The 45-Minute System Design Framework
A repeatable time-boxed framework for structuring any system design interview. Covers scoping, estimation, API design, and deep dives, with exact minute allocations for each phase.
The Real Reason Engineers Fail System Design
Most engineers fail system design rounds not because they can't design systems. They fail because they misallocate time. They spend 20 minutes on requirements, realise they have 10 minutes left, and rush through the design without depth. Or they jump straight to components and never establish the scale constraints that should drive every subsequent decision.
The fix is a time-boxed framework you execute the same way every interview, regardless of the problem. Here it is.
The Framework
Five phases. Forty-five minutes. Non-negotiable time allocations.
Phase 1: Requirements (5 minutes)
Establish what you're building and what matters. Two categories:
Functional requirements: what the system does. Ask until you have 3–5 concrete features. "Design a URL shortener" → users can shorten URLs, users can access shortened URLs, users can see click analytics. Stop there. Don't gold-plate.
Non-functional requirements: scale, latency, consistency. These drive architecture. Get specific: "100M DAU, sub-100ms P99 for read, eventual consistency acceptable." If the interviewer says "it depends," give them a number and ask if it's reasonable. An interviewer who corrects your estimate is giving you information; one who shrugs isn't blocking you.
Common mistake: Spending 15 minutes here. Requirements are inputs, not outputs. Five minutes maximum. If you're still discussing requirements at minute 8, you have a time management problem, not a requirements problem.
Phase 2: Capacity Estimation (5 minutes)
Back-of-envelope. The point is not precision. It's establishing the order of magnitude that determines your architecture choices.
Estimate:
- QPS (read and write): DAU × actions/day ÷ 86,400
- Storage: write QPS × object size × retention period
- Bandwidth: read QPS × object size
For a URL shortener at 100M DAU, 1 redirect/day: ~1,200 redirects/second. That's comfortably handled by a single server. Compare that to Twitter's news feed at 500M DAU with 10 reads/day: ~58,000 read QPS. Different architecture.

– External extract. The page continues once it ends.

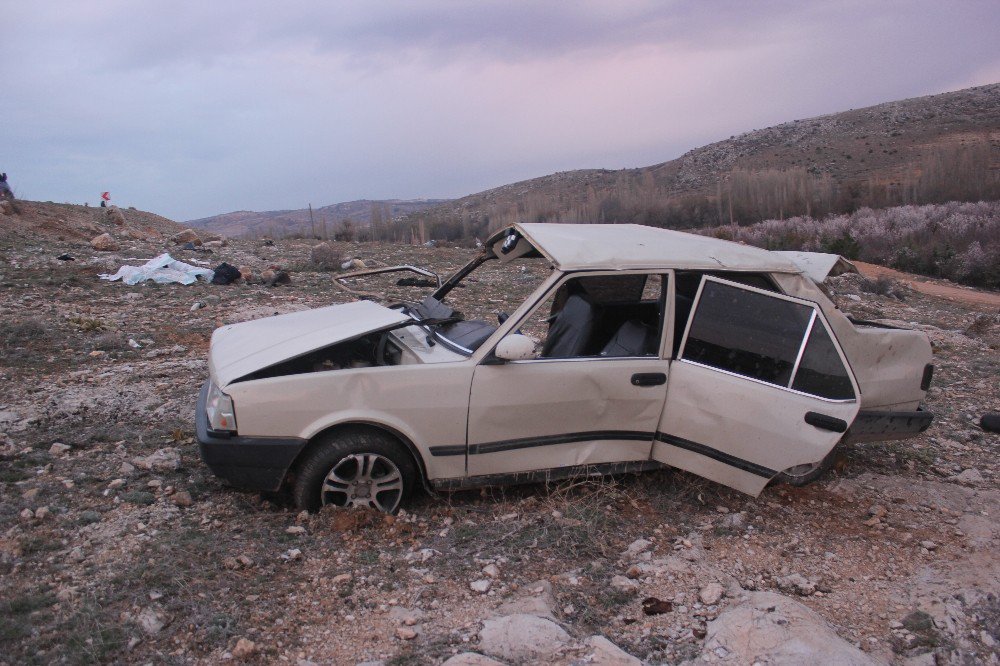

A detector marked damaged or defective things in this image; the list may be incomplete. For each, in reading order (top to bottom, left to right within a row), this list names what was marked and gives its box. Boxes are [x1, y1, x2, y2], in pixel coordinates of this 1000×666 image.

The number you compute tells you whether you need sharding, caching, CDN, or horizontal scaling at the API tier. Skip this step and every subsequent decision is ungrounded.
Phase 3: High-Level Design (10 minutes)
Draw the skeleton. Client → load balancer → API servers → database. Add the obvious components for the specific problem (cache for read-heavy, message queue for async, CDN for media). Don't go deep yet. Breadth first.

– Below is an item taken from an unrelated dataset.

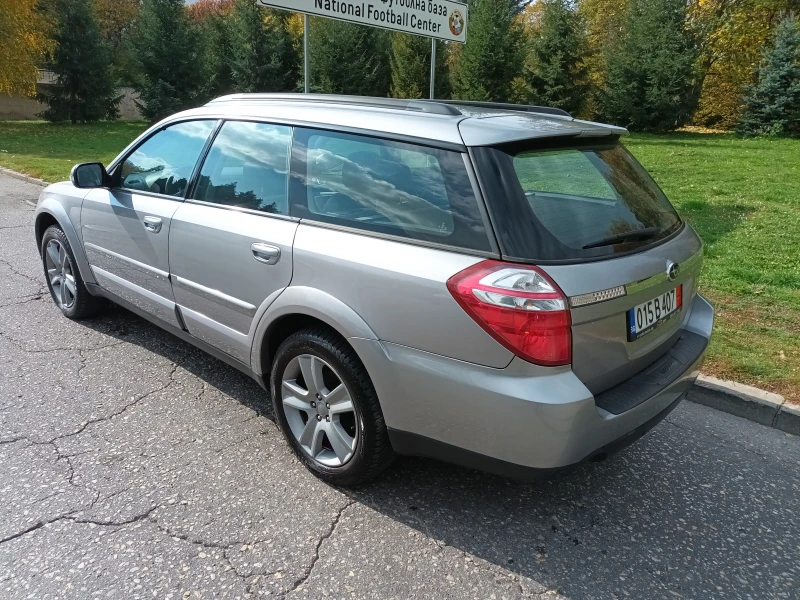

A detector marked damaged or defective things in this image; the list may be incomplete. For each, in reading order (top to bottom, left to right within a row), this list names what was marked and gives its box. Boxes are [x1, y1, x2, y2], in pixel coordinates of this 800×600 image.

cracked asphalt [1, 173, 800, 600]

At the end of this phase, your interviewer should understand the full data flow. If they have to ask "but where does the data go after X?", you haven't finished this phase.
Phase 4: Deep Dives (20 minutes)
This is where interviews are won or lost. You have 20 minutes; the interviewer will guide you toward the components they care about. Respond to their signals but also drive to the 2–3 hardest problems in the design proactively.
For each component you dive into:
- State the problem it solves
- Give your approach
- Name the trade-off explicitly ("this improves read latency by caching hot data but means we tolerate up to 5 minutes of stale data, acceptable given the requirements")
- Name the failure mode ("cache stampede on cold start, mitigated by request coalescing")
Trade-offs and failure modes are the evidence that you've built this in production, not just read about it. They're what separates L5 answers from L6 answers.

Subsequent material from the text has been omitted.